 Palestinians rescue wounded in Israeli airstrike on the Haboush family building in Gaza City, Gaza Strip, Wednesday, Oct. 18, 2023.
---
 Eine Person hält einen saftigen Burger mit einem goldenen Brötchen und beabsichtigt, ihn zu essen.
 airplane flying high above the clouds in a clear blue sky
--
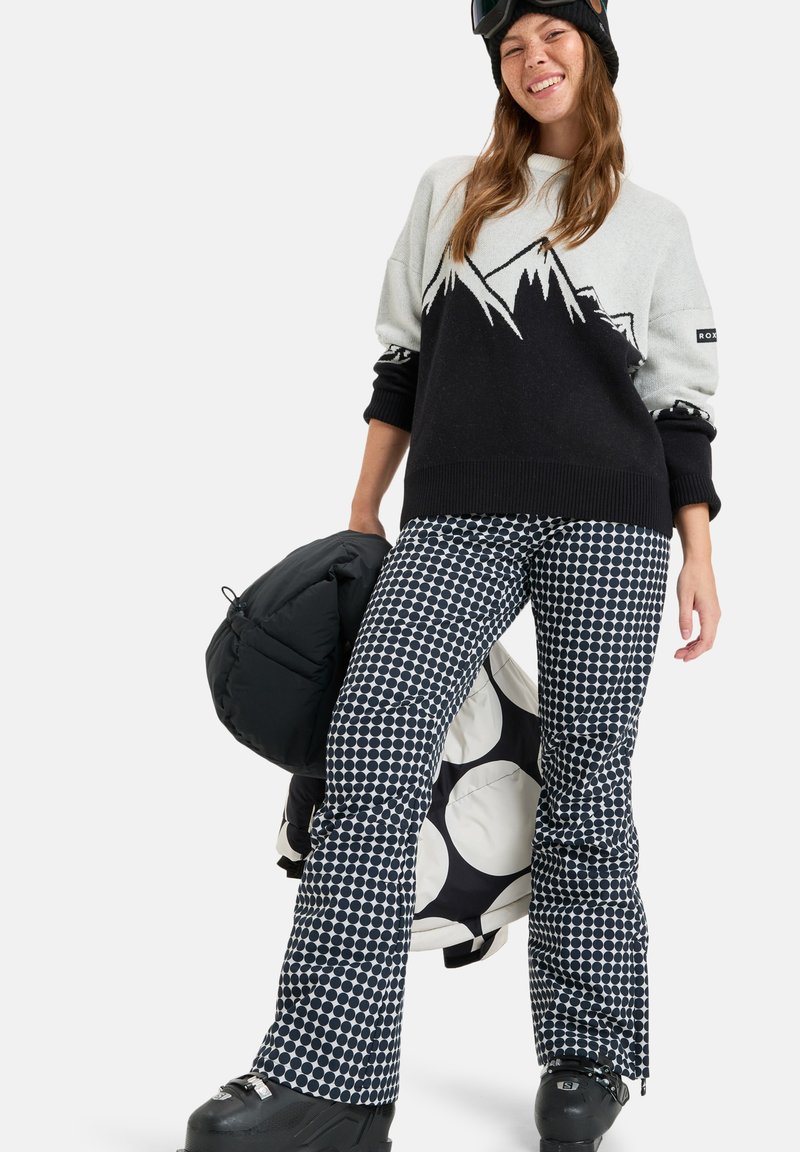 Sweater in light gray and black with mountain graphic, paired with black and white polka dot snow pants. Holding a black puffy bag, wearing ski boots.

**Task brief:**
In the data above, which lines lie between the line with "Eine Person hält" and the line with "airplane flying high", inclusive? Print those lines exactly and nothing else.

**Result of this task:**
 Eine Person hält einen saftigen Burger mit einem goldenen Brötchen und beabsichtigt, ihn zu essen.
 airplane flying high above the clouds in a clear blue sky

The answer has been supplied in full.